Погода стояла крайне неблагоприятная: низкая облачность, дождь, порывистый ветер. Командование отобрало семь экипажей, подготовленных к действиям в сложных метеоусловиях. Как опытный пилот, в группу был включен и Панин. Это был пятый его боевой вылет. Семерку возглавлял замкомэск Евгений Лобанов, в звене с ним летели Валерий Федоров и Николай Синицын. Остальную четверку было поручено вести мне.

До цели более трех часов. Шли под облаками на высоте сто — двести метров, ориентируясь только по курсу и времени. С половины маршрута вынужден был возвратиться на свой аэродром один из моих ведомых, Николай Новиков: обнаружились перебои в работе мотора. Со мной остались Панин и Пресич. Чем дальше уходили мы от своих берегов, тем хуже становилась погода. Десятибалльная облачность на высоте шестьдесят — семьдесят метров, дождь заливает остекление кабины. Панин летел рядом со мной, демонстрируя завидную выдержку и умение безукоризненно держаться в строю в этих сложных условиях.
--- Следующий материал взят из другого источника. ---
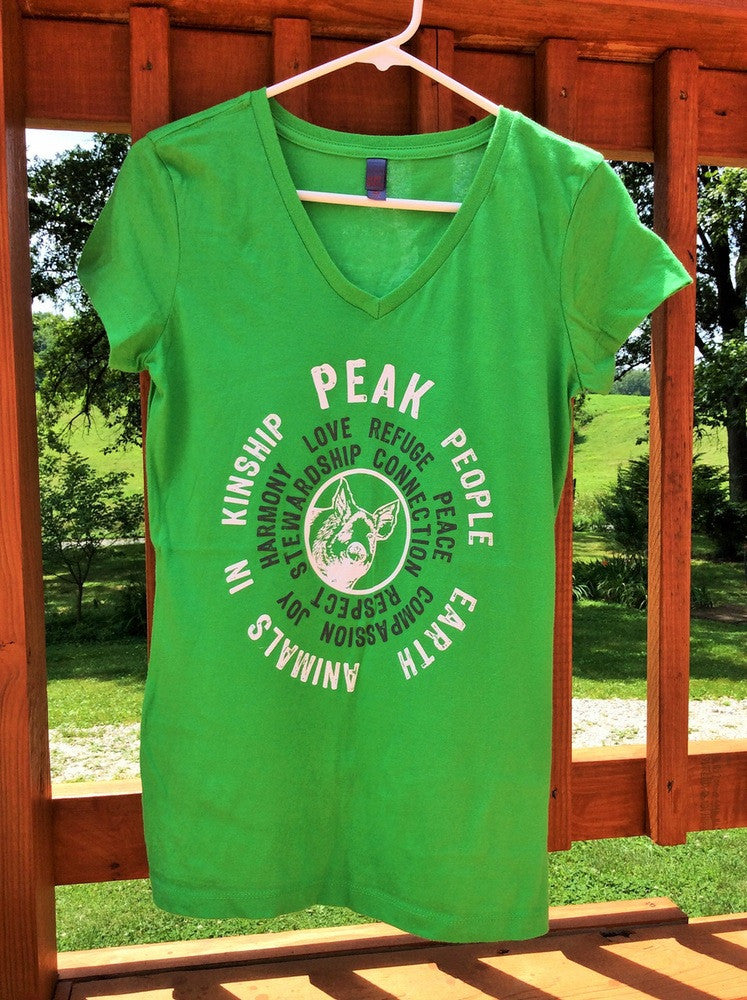 new_v neck peak junior cut t-shirtt2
Обнаружить конвой в открытом море при такой видимости — дело чрезвычайно трудное. Экипажи уже потеряли надежду, когда Прилуцкий доложил:

— Слева группа кораблей!

Я немедленно довернул влево, не надеясь увидеть цель сразу: об остроте зрения моего штурмана, особенно в темноте, в полку ходили легенды. Спустя минуту убедился: «кошачьи» глаза Николая не подводят его и днем.

— Панов! Срочно передай ведущему — конвой слева.

В эфир полетело оповещение. Лобанов тотчас отвернул машину, его маневр повторили все летчики группы. По направлению полета поняли: ведущий делает вид, что кораблей мы не заметили.